Fig. 4.2: System speed-up vs. number of kernels mapped to HW device with bandwidth and no bandwidth constraint

kernels which maximize the total system acceleration (SAcc) onto the FPGA under a given area (MA) and bandwidth (BW) constraint.

In the first step, our method partitions original SW program into separate kernels. The granularity of each kernel is a function, thus decided by the programming style in each application (also called coarse-grained partitioning). Other approaches [28] use task graphs as inputs and can thus create more optimal (finer) partitions (also called fine-grained partitioning). Because a commercial HLS tool is used to synthesize each partitioning kernel, such fine-grained partitioning cannot be done and the internal controllability is lacked. These are the drawbacks caused by endorsing HLS tool in partitioning stage.



Fig. 4.3: Flow chart overview of proposed flow

However, HLS allows proposed method to get more accurate area and timing results comparing to normal estimation.

The proposed method then continues by performing HLS on each of these kernels and by extracting their design parameters, in particular area (A) the performance measured as latency (L). Based on these parameters bandwidth required (B) is computed for each kernel, which allows method to fully characterize each kernel of each application. Once the partitioning and synthesis stage have been completed, the method continues by allocating the individual kernels of the different application onto the FPGA and figures out the optimal mapping decision with best performance.

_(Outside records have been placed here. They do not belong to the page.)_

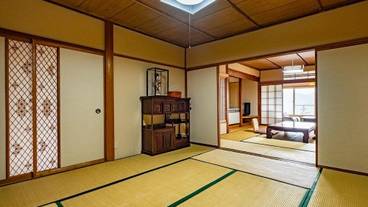 客室 / 15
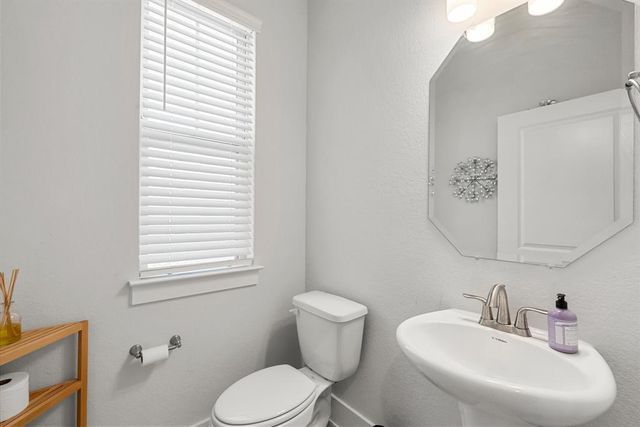 8602 McKamy DR, Austin, TX 78744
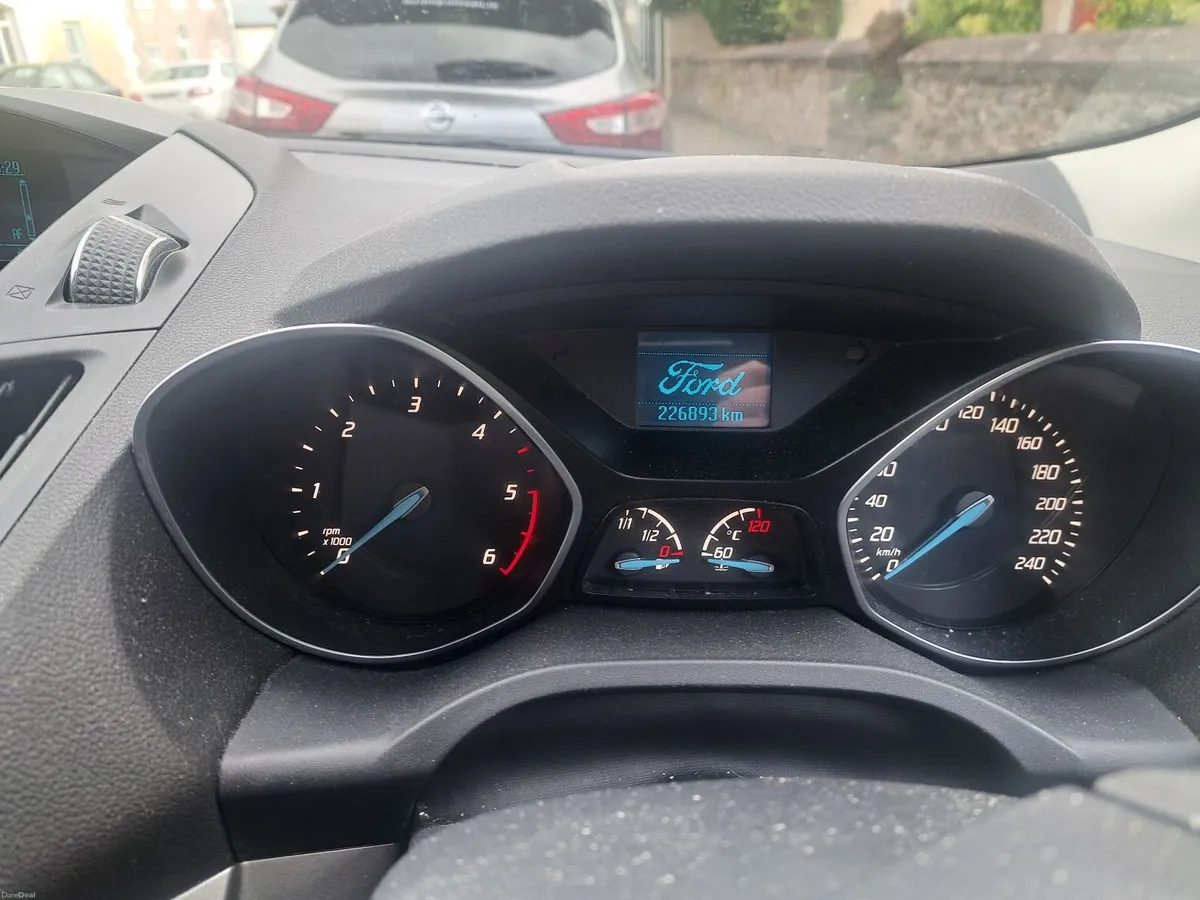 Ford Kuga 2015 - Image 4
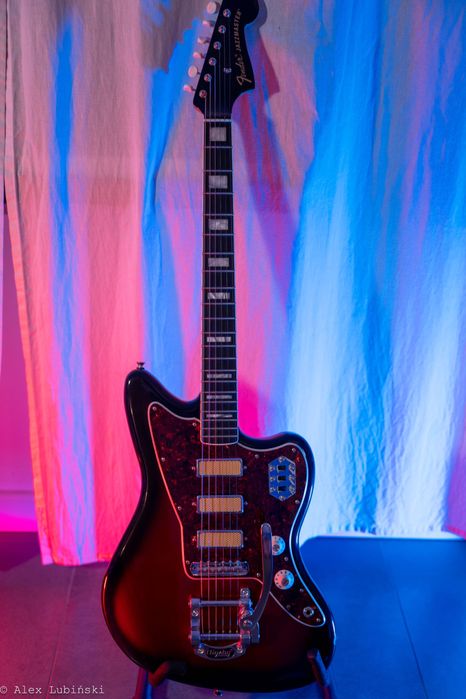 Fender Goldfoil Jazzmaster Bigsby - offsetowe cudo jak z Custom Shopu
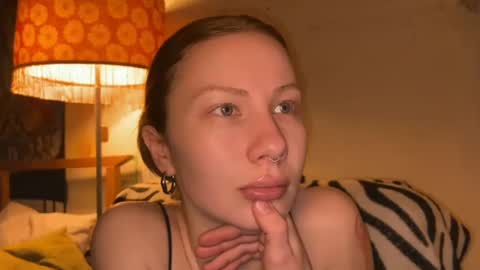 Snapshot of misszlataa chatting on 03/12/25, 05:46 Zlata online show from 03/12/25, 05:46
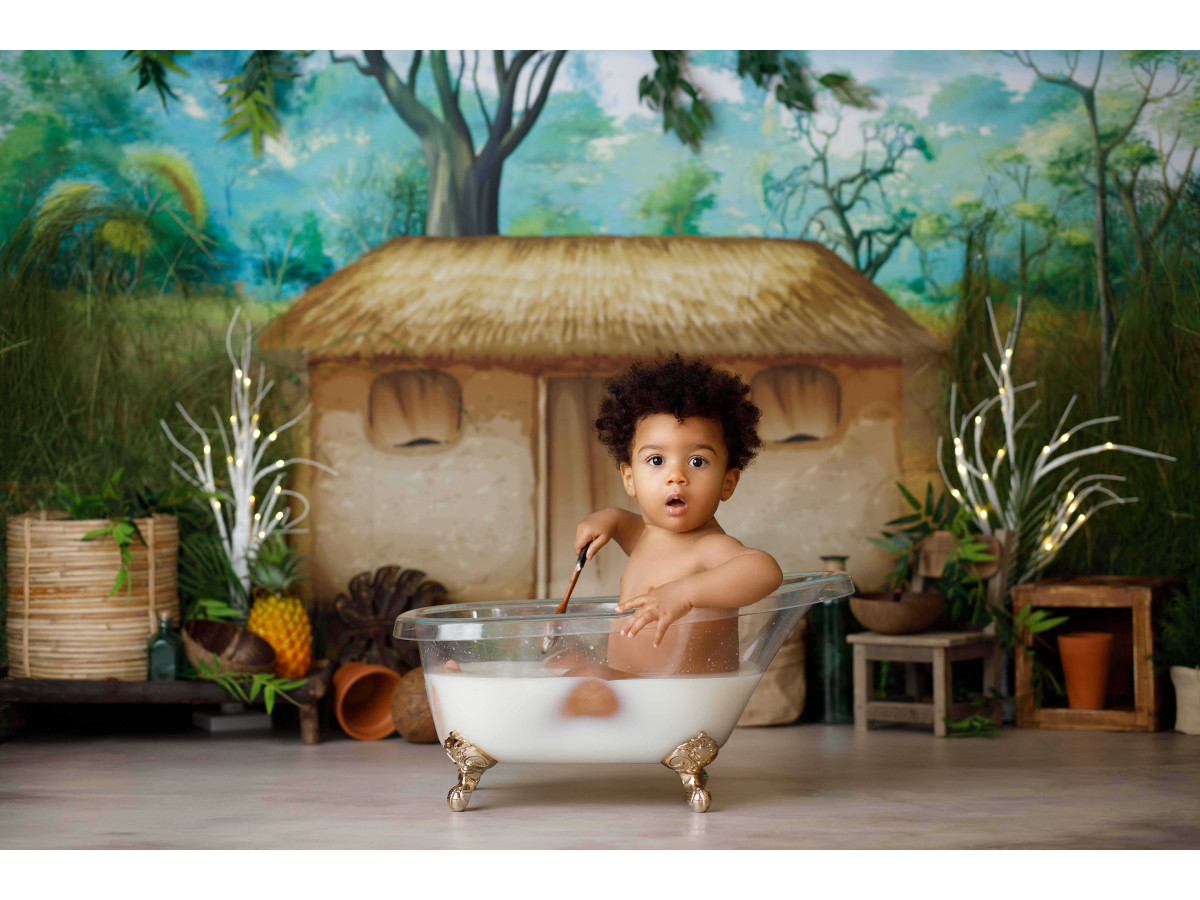Baby & cake smash photo backdrop Hut – thatched hut in the jungle with plants | Colors&Drops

The optimal kernel mapping problem concerns how to optimally map computationally intensive kernels  $K_{list} = \{K_1, ..., K_N\}$  merged from each application  $APP_i$  onto the FPGA with given area MA and a maximum bandwidth BW between the microprocessor and the FPGA so that the acceleration SAccof the entire system is maximized. This optimization problem is normally decomposed in two main steps[42]: (1) Partitioning of the applications into N disjoint sets of kernels  $K_n$ . (2) For all the kernels  $K_n$  devise an optimal mapping so that the cost function is maximized (in this case acceleration) under a set of given constraints (here are FPGA area MA and communication bandwidth BW). This problem can be reduced to a 0-1 knapsack problem which can be efficiently solved using dynamic programming [43] shown in Algorithm 1.

**Step 1: Reduce Invalid Partition:** As the kernels are function-based, each function has different properties, e.g. some have larger number of arguments requiring a large bus bandwidth, while some are too simple to be accelerated and others do not meet the constraints. Thus before making any mapping decision, such kernel are removed from the candidate list in order to reduce the complexity system.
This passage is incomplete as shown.